The Magic Behind Spokane’s Longest-Running Farmers Market

Northwest Community Wednesday, September 12, 2018 Written by

When Karyna Goldsmith joined the Thursday Market in the South Perry District seven years ago, the weekly farmers market was fairly small and charming.

In the years since then, the farmers market took off. It added vendors, drew new crowds and otherwise picked up steam to where it is today. Close to 60 vendors and an average of 2,000 shoppers show up each week.

But for Goldsmith, the market director, the goal has never really been about the growth.

“It’s grown immensely, but now I think we want to grow in a real mindful way and maintain our focus on our mission of benefitting the farmers and the community,” she says. “We aren’t trying to take over the world, but we are trying to do bigger and better things for our community.”

For the Thursday Market, that’s meant a few different things. For starters, the farmers market strives to provide fresh, healthy, locally grown food and locally crafted products. Not only does it serve Spokane’s South Perry neighborhood, but also the larger Spokane community. It’s held from 3 p.m. to 7 p.m. every Thursday in a parking lot at 924 South Perry Street. The market is open from early May to late October, making it the longest-running seasonal market in Spokane. Goldsmith says the location sits between a more affluent part of town and one that’s on the cusp of poverty.

The result is just one component behind the market’s singularity.

“You get a neat mix of cultures that is really authentic to what the community is all about,” Goldsmith says. “The market is really housed in the community, and that creates some of the ambiance and experience that you see in more urban areas like Seattle that have had these markets for decades.”

The market’s mix of vendors makes it unique as well. Of the 60 or so vendors, about 75 percent of them are farmers from around the area. The current lineup includes places like:

  • Ace of Spades Farm in Spokane
  • Elithorp Farm in Deer Park, Washington,
  • and Aichele Farms in Stanfield, Oregon.

The market tips heavily toward farmers. But some prepared food vendors — Brunchkin and Hierophant Meadery, for example — and a few arts and crafts purveyors fill out the ranks. The market hosts live music every week, too.

“Everyone produces the food or crafts themselves to sell,” Goldsmith says. “There are no third parties whatsoever.”

The variety of vendors and the unique space that the farmers market calls home help give the whole scene a signature feel.

“It’s a small parking lot, not a big street or a park,” Goldsmith says, “so we all have to get to know each other and get together and just fit in the space we have, so a close community is created.”

In addition to making fresh and local produce available to the community, the Thursday Market also makes education and food access part of its mission.

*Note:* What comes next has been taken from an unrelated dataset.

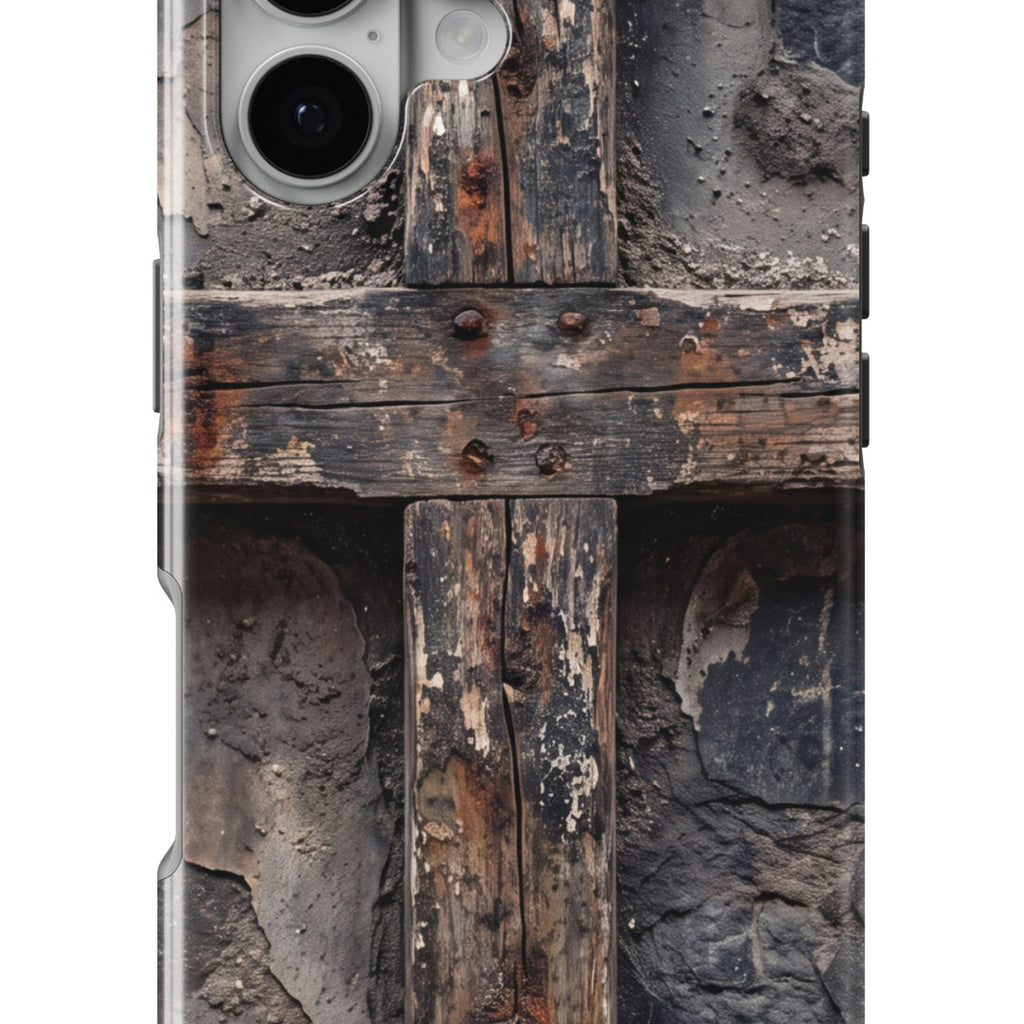 Distressed Cross magnetic tough case for iPhone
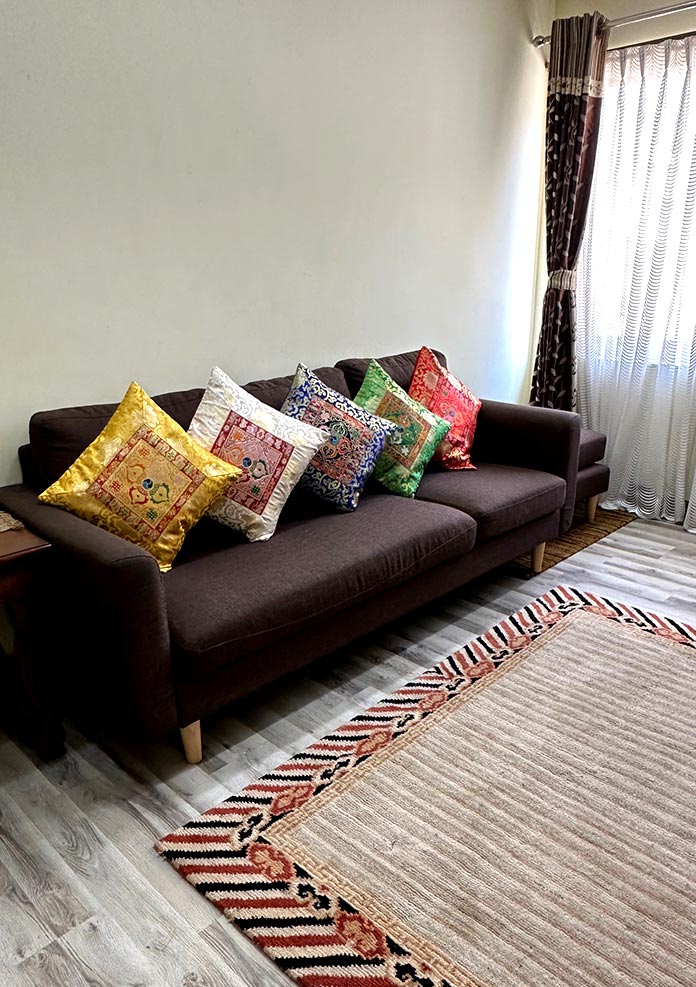 Handmade Double Dorjee Sofa Seat Cushion Cover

The Kids Eating Right Nutrition and Exercise for Life program not only teaches youngsters about nutrition and healthy food, but also gives participants $2 in KERNEL Cash to spend at the market. Last year, the market did $3,500 in KERNEL Cash sales. This year it’s on track to boost that by at least 15 percent, according to Goldsmith.

Similarly, the farmers market accepts food stamps. But it goes even a step beyond that. Shoppers get $2 to spend on fruits and vegetables for every $5 they spend in food stamps. One shopper on a visit this season spent $100 in food stamps and earned $40 more to spend on produce.

“I just think it’s so neat that these federal monies are going into our local economy,” Goldsmith says. “And then at the end of every market, a local food bank comes and collects any leftover food that they can use. The whole thing is just a real feel-good kind of place.”